I was joking about the Debbie Downer cause you mentioned you were not trying to be a downer. Lol


----------



## AZgreenthumb (Mar 27, 2016)

Olive Drab Green said:


> Ergot can kill you, can't it? I know it grows from rye being tainted and may have been responsible for the Salem Witch Hunts and Trials.


Yes ergot can kill you
ergotism causes a nervous system dysfunction such as writhing, tremors, or convulsions. It can cause temporary or a permanent psychosis. Hallucinations, particularly in adolescents, are produced with mild poisoning with ergotism. Ergotism can be very lethal: for survivors, there is a 'reverse immunity' of sorts: a victim who survives the first exposure is even more susceptible the next time.




bluntmassa1 said:


> I was joking about the Debbie Downer cause you mentioned you were not trying to be a downer. Lol


For sure hard to read people emotions online. But I wish you all the best in your journey when you feel you have enough chemistry experiance try to synthesize MDMA first. Then once you master that move on to a more complicated drug synthisis like DMT or Mescaline then move on to LSD. Food for thought.


----------



## Olive Drab Green (Mar 27, 2016)

AZgreenthumb said:


> Yes ergot can kill you
> ergotism causes a nervous system dysfunction such as writhing, tremors, or convulsions. It can cause temporary or a permanent psychosis. Hallucinations, particularly in adolescents, are produced with mild poisoning with ergotism. Ergotism can be very lethal: for survivors, there is a 'reverse immunity' of sorts: a victim who survives the first exposure is even more susceptible the next time.
> 
> 
> ...


Sounds similar to strychnine?


----------



## Olive Drab Green (Mar 27, 2016)

AZgreenthumb said:


> Yes ergot can kill you
> ergotism causes a nervous system dysfunction such as writhing, tremors, or convulsions. It can cause temporary or a permanent psychosis. Hallucinations, particularly in adolescents, are produced with mild poisoning with ergotism. Ergotism can be very lethal: for survivors, there is a 'reverse immunity' of sorts: a victim who survives the first exposure is even more susceptible the next time.
> 
> 
> ...


Sassafras oil for MDMA, peyote buttons from cactus, DMT from touch-me-nots and some kind of grass, LSD is from.. What is lysergic acid diethylamide derived from?


----------



## AZgreenthumb (Mar 27, 2016)

Olive Drab Green said:


> Sassafras oil for MDMA, peyote buttons from cactus, DMT from touch-me-nots and some kind of grass, LSD is from.. What is lysergic acid diethylamide derived from?

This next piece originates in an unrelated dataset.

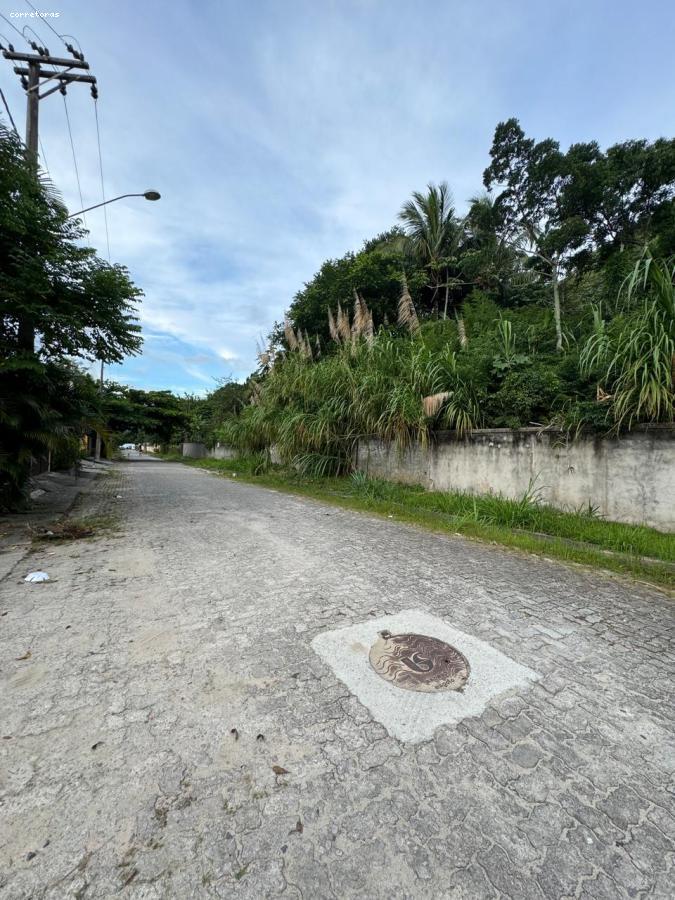 Terreno, 826 m² - Foto 7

Ergotamine Tartarate is converted into LSA (*d-lysergic acid amide) and then the LSA is converted into LSD. *


----------



## Olive Drab Green (Mar 27, 2016)

AZgreenthumb said:


> Ergotamine Tartarate is converted into LSA (*d-lysergic acid amide) and then the LSA is converted into LSD. *


Gotcha.


----------



## Olive Drab Green (Mar 27, 2016)

Interesting how the dextrorotary isomer would become a chiral compound. I want to see the chemistry behind it.


----------



## iHearAll (Mar 27, 2016)

AZgreenthumb said:


> I don't think people understand just how difficult it is to synthesize LSD. Most of the people who make LSD are experienced organic chemists working in fully equipped laboratories. One will usually need precursor chemicals, such as lysergic acid amides, which you can pretty much only obtain with a DEA license. Or you could specifically harvest the ergot fungus and chemically extract its alkaloids, then process those into the specific amides, then finally LSD. For this you would need thousands and thousands of dollars worth of lab equipment, experience in harvesting microscopic fungi, weeks worth of time, proper growing chambers in a completely sterile environment, all the necessary chemicals, a great amount of experience in organic chemisty, etc. You cannot make LSD without a fully equipped lab. Don't try to make LSD unless you have a phd in organic chemistry and hundreds of thousands of dollers to set up your own lab. Its estimated all of the LSD produced is made by a handful of people. These people have years of lab experience, a fully functional lab, $, connections for precursors, and higher level chem degrees or been trained by one of the few cooks before them.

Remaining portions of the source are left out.